Resizing a target segmentation map without converting individual pixel values to floats

I have a dataset with drone view images of size 4000x6000, grayscale. Each individual pixel value corresponds to a class (I have 20 classes in total), so a pixel value of 3 would mean "tree" for example. Using the original image, I can very easily create binary masks for all 20 of the classes by using equality operators in NumPy and I get pixel-perfect masks.

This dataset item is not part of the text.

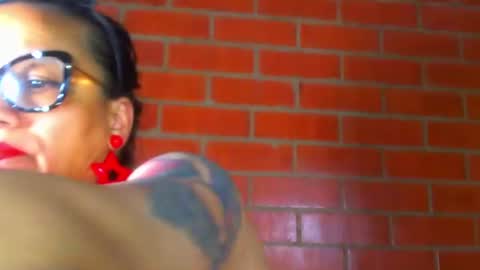 devil_taylorx online show from August 2026 07:16:02 PM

Here's an example of what one row would look like:

[[2, 2, 2, 2, ...... , 5, 5, 5]]

However, 4000x6000 is much too big for my purposes, and I want to resize these segmentation targets to something a bit more bearable, such as 400x400 or 400x600. Though I've tried a few different Python libraries, all of them convert my pixel values to different float values causing me to lose my segmentation map labels. Is there any method (not including cropping), where I can resize my segmentation target maps AND the original RGB input images without losing my labels?

Upvotes: 2

Views: 1407

Answers (1)

Shai
Shai

Reputation: 114866

When one resizes an image, one usually needs to interpolate pixel values (e.g., decide on the "intensity" at sub-pixel locations). Natural images tend to vary smoothly between pixels, which makes interpolation with large support very appealing (see detailed discussion here).
However, as you observed, interpolating between integer values of labels makes no sense at all.

Therefore, you can:

  1. Do not interpolate - use nearest-neighbor resizing for the label map.
    That is, use whatever interpolation method you like (LANCZOS, BICUBIC...) for the input image, but use NEAREST method for the label map.

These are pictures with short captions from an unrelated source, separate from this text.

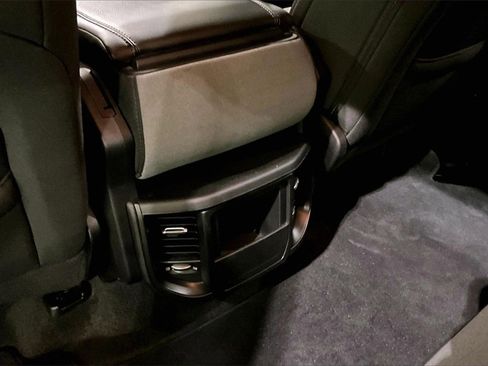 Used 2023 RAM 1500 Big Horn image 29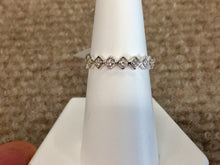Cargar imagen en el visor de la galería, White Gold Diamond Liana Ring
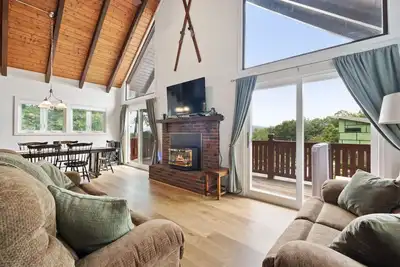 Image de Mountain View Chalet w/Amenities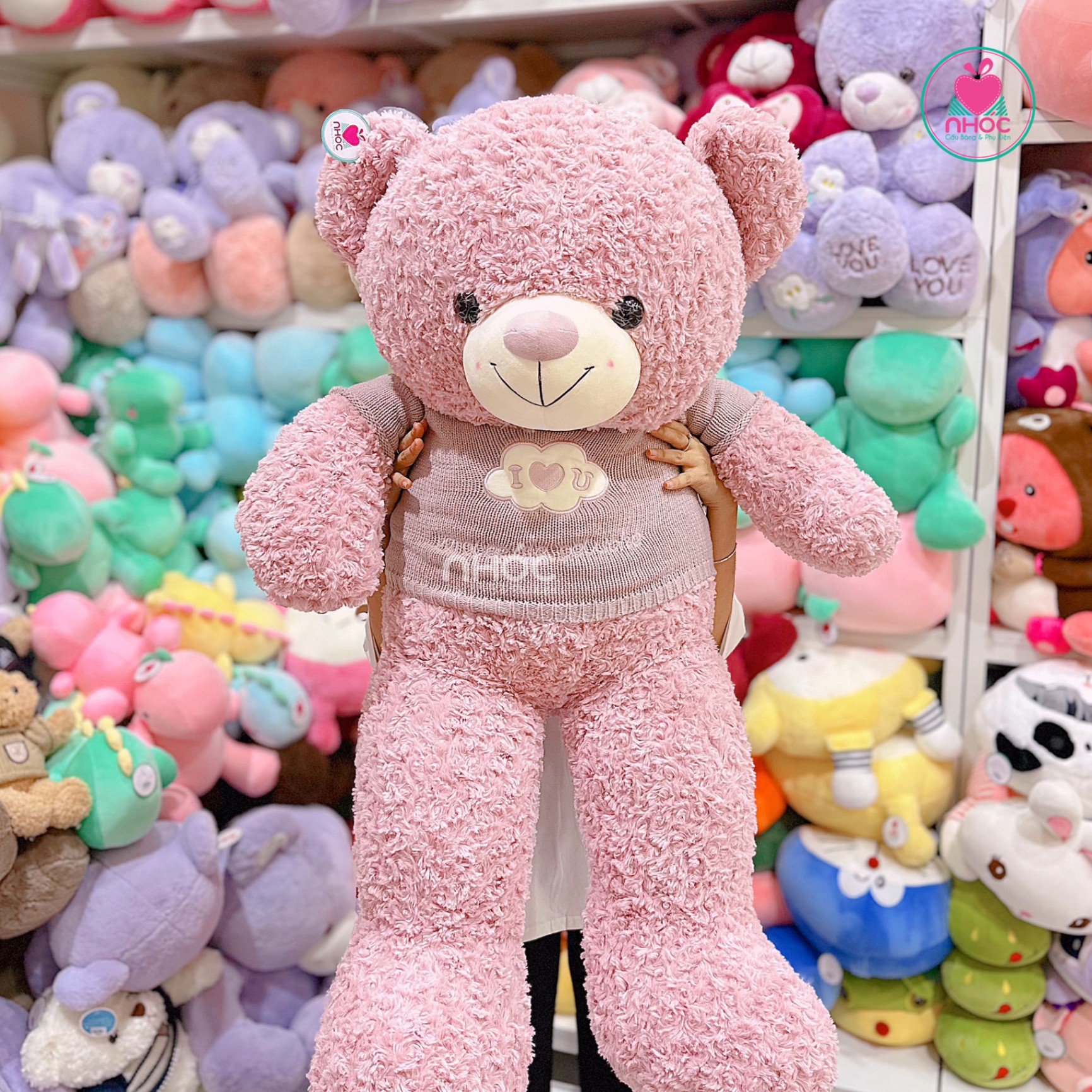 Gấu teddy áo len thêu đám mây - 82001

  2. Interpolate the per-label probability maps - for each 4000x6000 label map, produce 20 per-class probability maps and interpolate them to the desired size (using the same interpolation method as used for the image: LANCZOS, BICUBIC...). Now, for each resized pixel you have a 20-dim target distribution. You can train with these "soft labels", or take the argmax and train with the most dominant label per pixel.